When Marketing Success Becomes an Infrastructure Challenge

Our client, a leading crypto wallet processing terabytes of data, relied entirely on an AWS Lambda architecture. While stable under normal conditions, the system critically failed during peak marketing activities.

During free crypto giveaways, instant load spikes of 300–500% caused the infrastructure to crash for 5–10 minutes. For a financial product of this level, even a few seconds of downtime destroys user trust, making an immediate architectural overhaul absolutely necessary.

Project Metrics

-37% AWS costs (actual savings of $45,600 per year)

x3.4 increase in deployment frequency and 0 seconds for "cold starts"

99.97% Uptime across two regions simultaneously (measured over 4 months)

We left this block for those who love technical depth.
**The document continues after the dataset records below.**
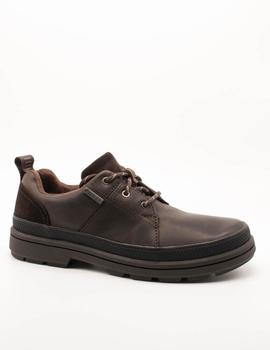 Zapato Clarks Rushwaylace GTX brown de hombre.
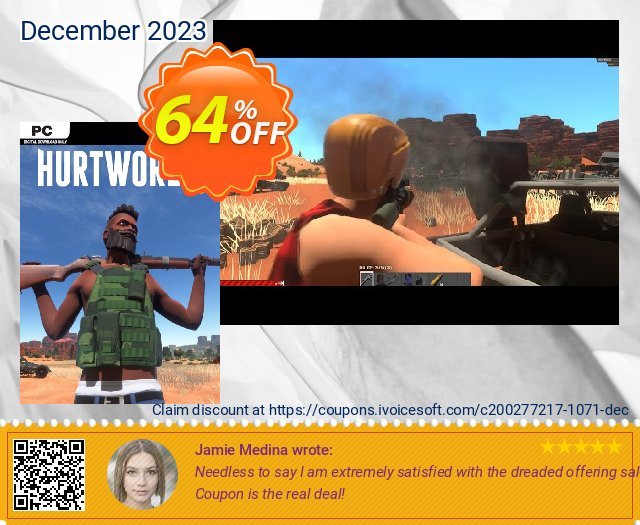 Hurtworld PC discount 64% OFF, 2024 April Fools' Day promo. Hurtworld PC Deal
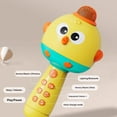 thumbnail image 4 of 2 In 1 Wireless Kids Microphone And Mini Voice Changer Toy For Toddlers With Built In Music Player And Sounds Idea, 4 of 6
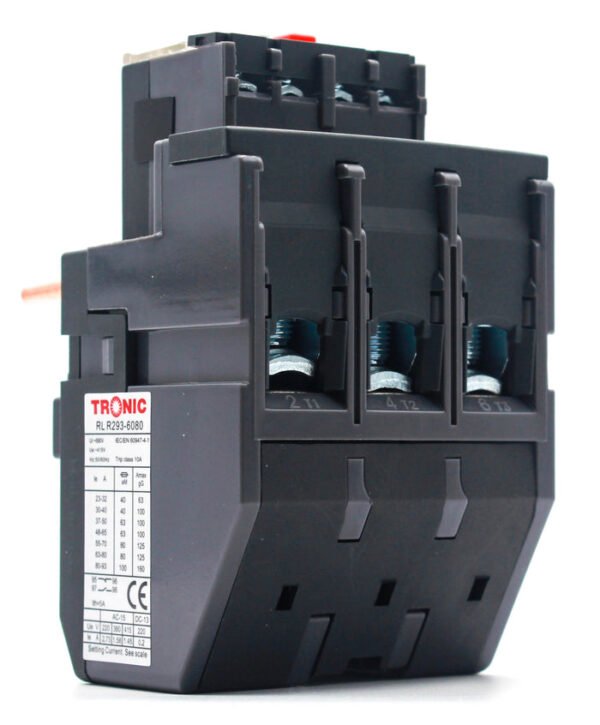 Tronic Thermal Overload Relay 60-80Amps For AC Contactor 40-65Amps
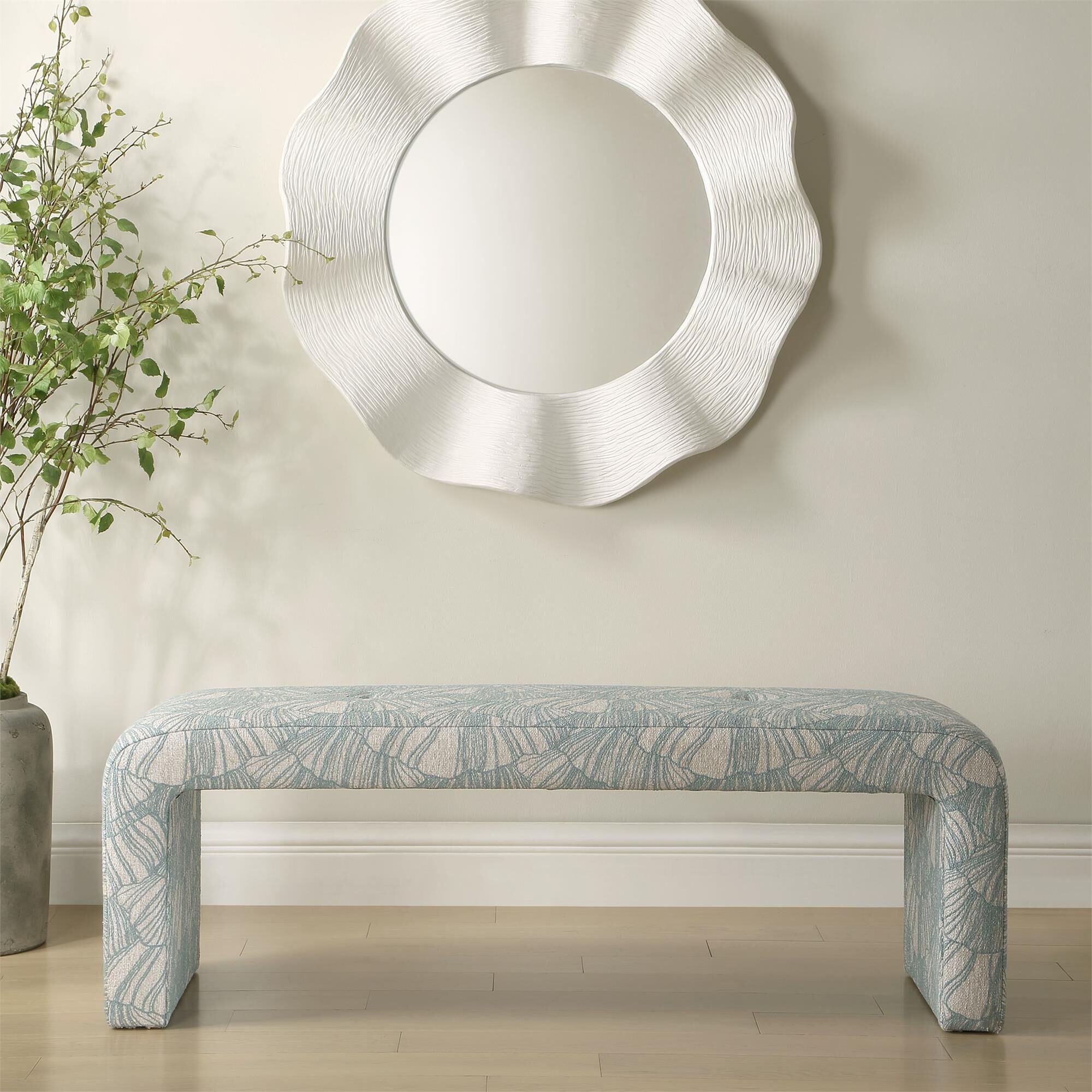 Amie 54 Inch Bench by Uttermost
Here is exactly how we migrated a huge financial product from AWS Lambda to Kubernetes while preserving every transaction.

Architectural Debates: Why EKS and not the simpler ECS?

At the start of the project, we faced a choice: where to migrate? The client's team had relevant experience working with Amazon ECS but not much understanding of EKS. It seemed logical to choose ECS—it is much simpler to set up, and migrating to it would have taken less time. However, we convinced the team to take the more difficult route. Our arguments:

Scale dictates the rules: Scale dictates the rules: At large scale — terabytes of data, dozens of services, millions of requests — it's too late to think about “simplicity.” You need tools that provide maximum control.
Tailored approach: With ECS, you have to manage only with the functionality provided by Amazon. EKS is more complex, but thanks to our expertise, it allows for obtaining an individually configured (tailored) result.
Money: Most importantly, EKS allows for the most flexible configuration of cost-optimized autoscaling. At these volumes, proper optimization makes EKS 37% cheaper.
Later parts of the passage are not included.